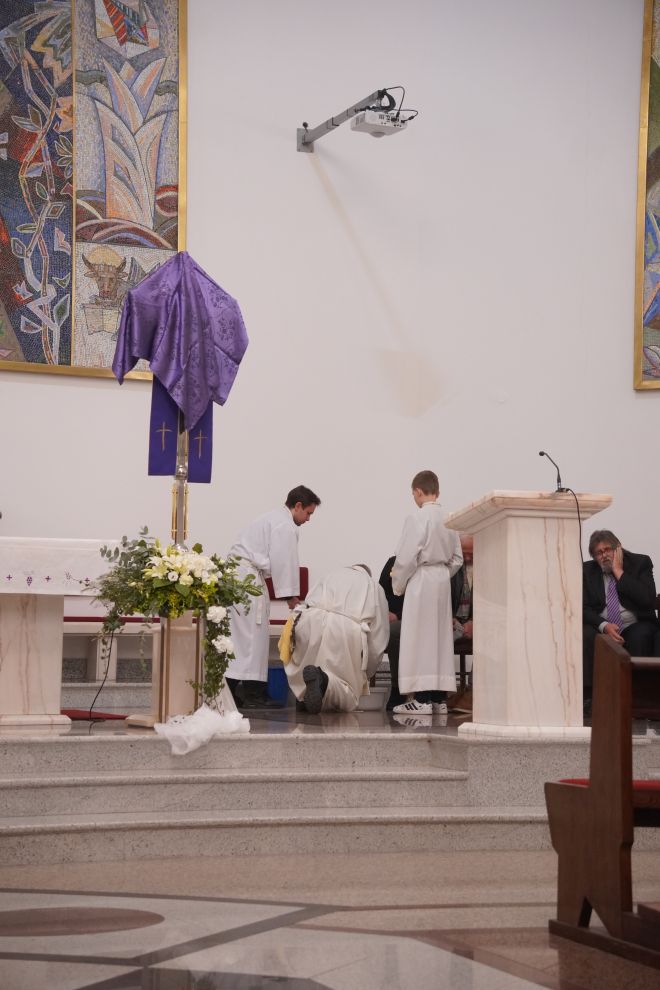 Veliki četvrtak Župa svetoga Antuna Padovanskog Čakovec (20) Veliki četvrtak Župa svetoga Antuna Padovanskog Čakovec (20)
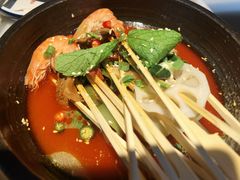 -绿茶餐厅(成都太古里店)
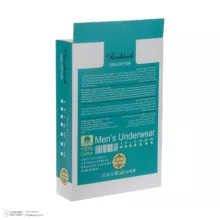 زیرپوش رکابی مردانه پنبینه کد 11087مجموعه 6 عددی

--

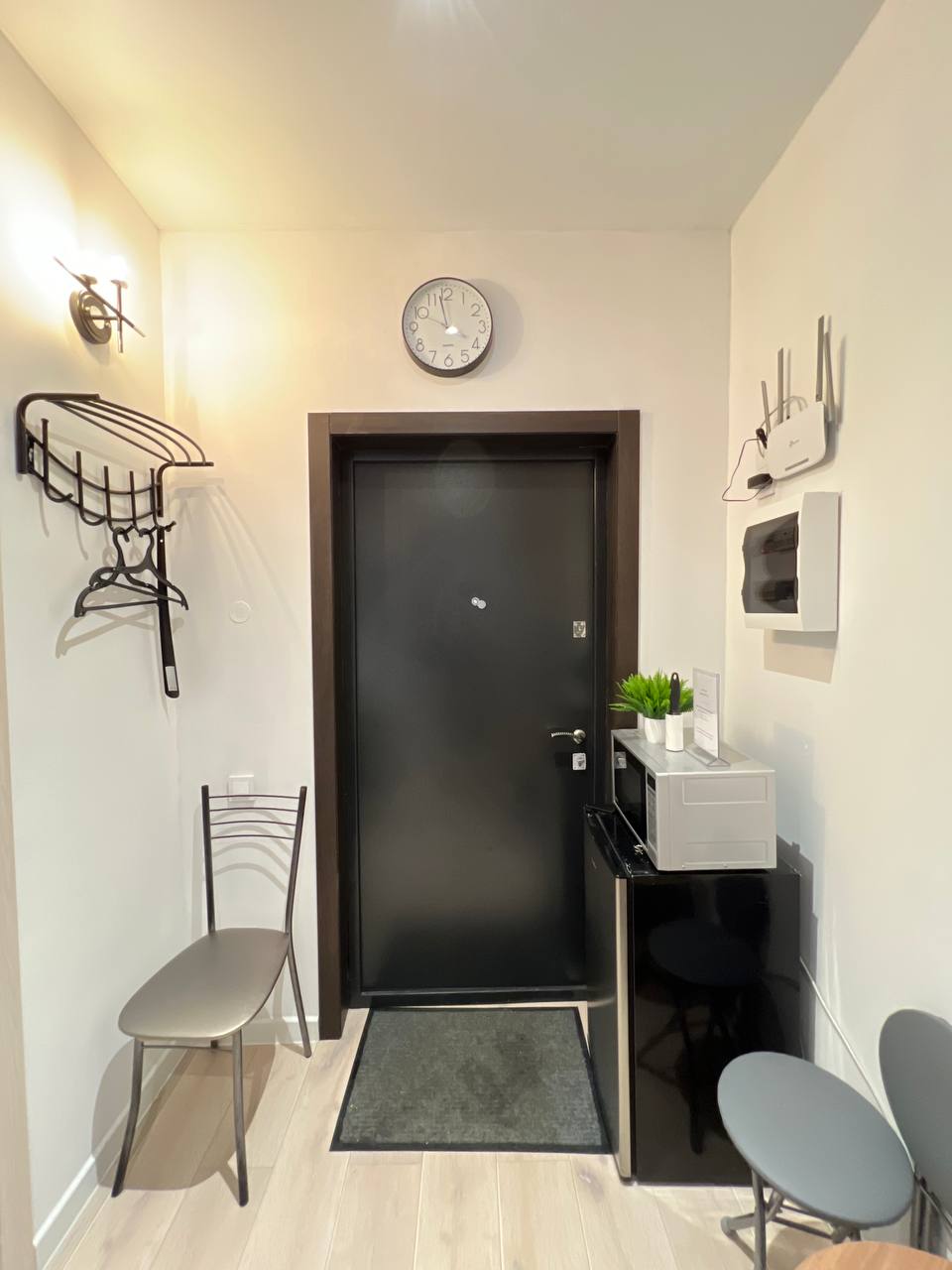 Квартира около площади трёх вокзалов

■ **WHAT THIS TASK INVOLVES**: Would you give again, exactly, the lines in the data above that run from the line containing "Čakovec (20) Veliki" to the line containing "زیرپوش رکابی مردانه"? Include both ends and no pictures.

■ **ANSWER SPACE**:
 Veliki četvrtak Župa svetoga Antuna Padovanskog Čakovec (20) Veliki četvrtak Župa svetoga Antuna Padovanskog Čakovec (20)
 -绿茶餐厅(成都太古里店)
 زیرپوش رکابی مردانه پنبینه کد 11087مجموعه 6 عددی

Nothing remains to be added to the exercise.